Jess was developing an irrational fear that she was going deaf. Maybe not irrational: an article had just appeared in her inbox claiming a possible link between COVID and tinnitus. Had the ringing started before or after she’d had the virus? She turned her head one way and the other, oscillating her ears toward the speakers of her laptop, her phone, the air conditioning unit, her daughter’s coos. She was certain the sound in her left ear was slightly more muted than in her right. 

“Would you rather lose your sense of taste or smell?” she asked her husband once. 

“Well,” he said. “Taste and smell are kind of the same. Can you lose one without the other?” 

“Just play the game,” she said, but she couldn’t answer it herself. 

Another: “What are you most afraid of for our daughter?” He said “Climate change,” and Jess said “That she won’t be able to carry a tune,” and he said “Ouch,” and she said “Well,” and he would never forgive her for that one.

Sometimes he started the game. 

“Would you rather be an Instagram-famous poet or a New Yorker poet?” 

“A New Yorker poet,” she lied. 

“Yeah, but if you were an Instagram-famous poet, so many people would be reading your writing.”

“Those poems are just memes,” she shrugged, thinking of the hundreds of comments she saw on a post by that one Instagram Poet whose account she didn’t follow, though it still showed up in her Suggested feed day after day. I love your work (Single Tear Emoji) I’m sending this to everyone I know.  

“You could use your art too,” he went on. “As, like, the background or something. Who reads the poetry in The New Yorker anyway?” 

I try to, she wanted to counter, but she was too busy keeping the whisk dripping with pancake batter out of her daughter’s reach to reply. Her daughter refused to be put down anymore. Their bodies were fusing together. 

“I don’t even want to be a poet,” she whined instead. 

Later, looking in the smudgy bathroom mirror, she pulled back the skin on her cheeks. She wondered if the Instagram Poet had hormonal acne, or if she had a cortisol-balanced diet, or if she Facetuned the wrinkles and bags from under her eyes to oblivion before posting a selfie captioned It is a serious thing / just to be alive / on this fresh morning #blessed #maryoliver. 

Jess noticed the careful omission. “On this fresh morning, in this broken world.

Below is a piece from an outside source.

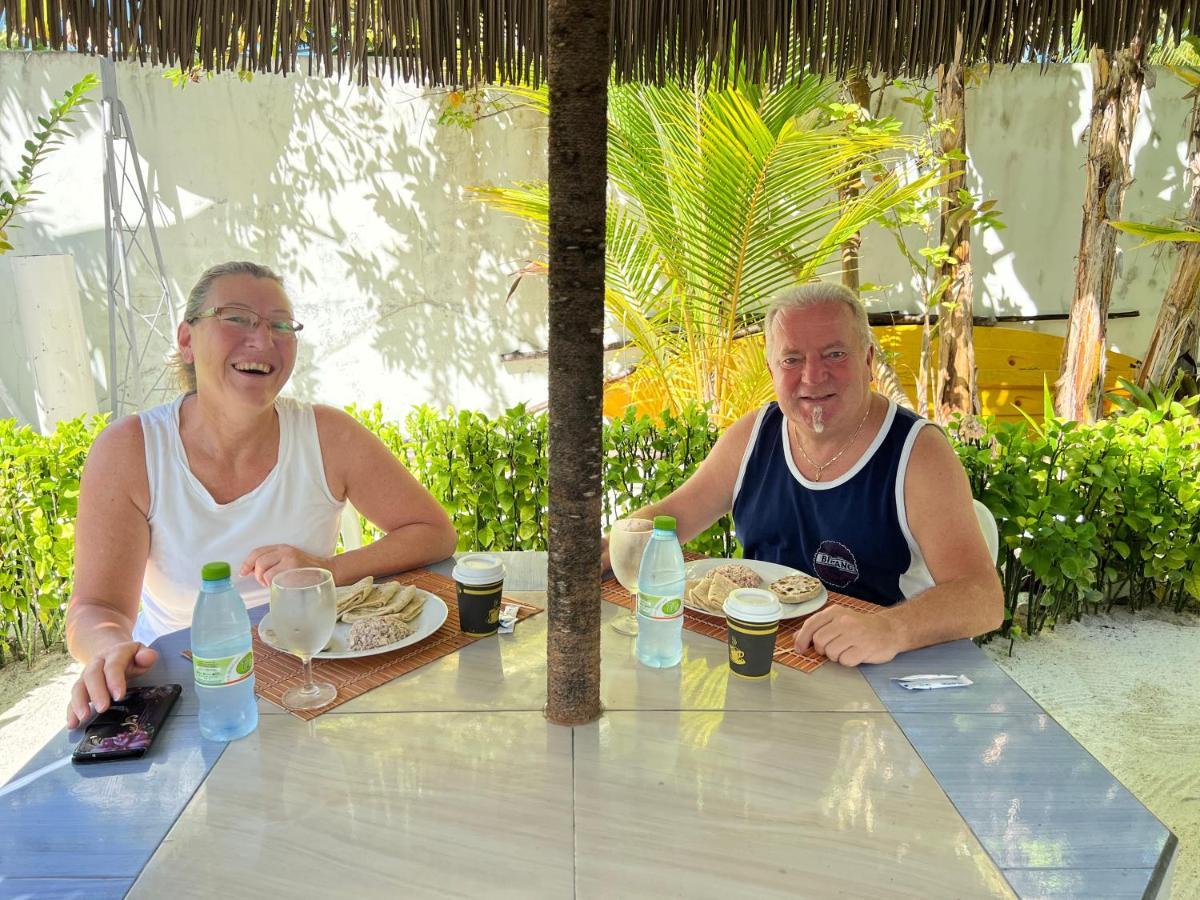 Отель Island Guest Maamendhoo Экстерьер фото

IN THIS BROKEN WORLD!” she howled on the phone to her friend, who hate-followed the Instagram Poet. Jess worried maybe her friend didn’t hate-follow the Instagram Poet, but love-followed her and was just being obliging. 

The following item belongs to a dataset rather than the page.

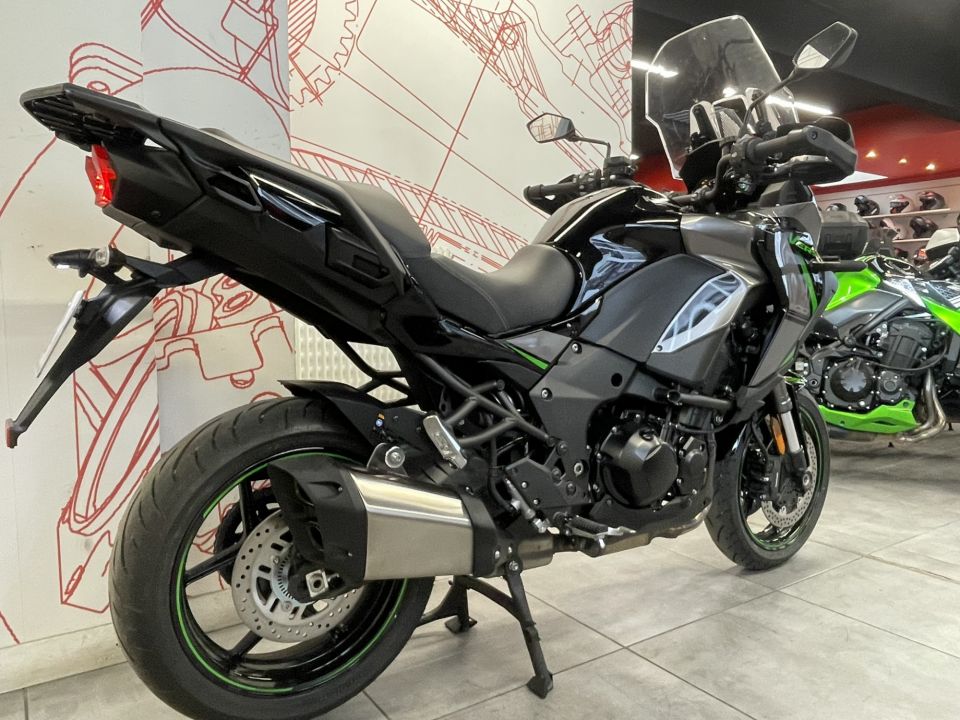 KAWASAKI VERSYS 1100 SE 4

“You can only be negative on Instagram if it’s related to your personal trauma,” the friend pointed out. “Or if there’s a cause going on. And the war is, like, eight months old now.”

Everything was thick in her mouth, an overcooked steak she couldn’t stop chewing. She wanted to make something rare and bloody, but most days she couldn’t even brush her teeth, let alone pick up a paintbrush. She couldn’t fix her hands to a keyboard except to Google “When will I be less tired?” And then there was the thought that truly terrified her, especially when she was looking at her daughter’s sweaty, sleeping body, finally detached from hers and curled up prone on the double bed. She didn’t want to be an Instagram Poet, or an Instagram Artist, because maybe she didn’t want to be Anything. Would you rather be something or nothing?

Jess couldn’t hold all of it and that’s why she couldn’t decide if she wanted to be a painter or a writer or a mother or an escape artist. That’s why she couldn’t finish anything, including art school, and that’s why her husband went back to college instead of her. 

“Would you rather be in a stupid windowless room with a bunch of 20-year-olds debating some theory, or would you rather be at home with this adorable little face?” he asked, tickling their daughter’s double chin. She didn’t like the way he spat the word “theory,” but she didn’t feel smart enough to counter. 

“I’m not having fun,” he insisted, but it seemed like he was having fun. 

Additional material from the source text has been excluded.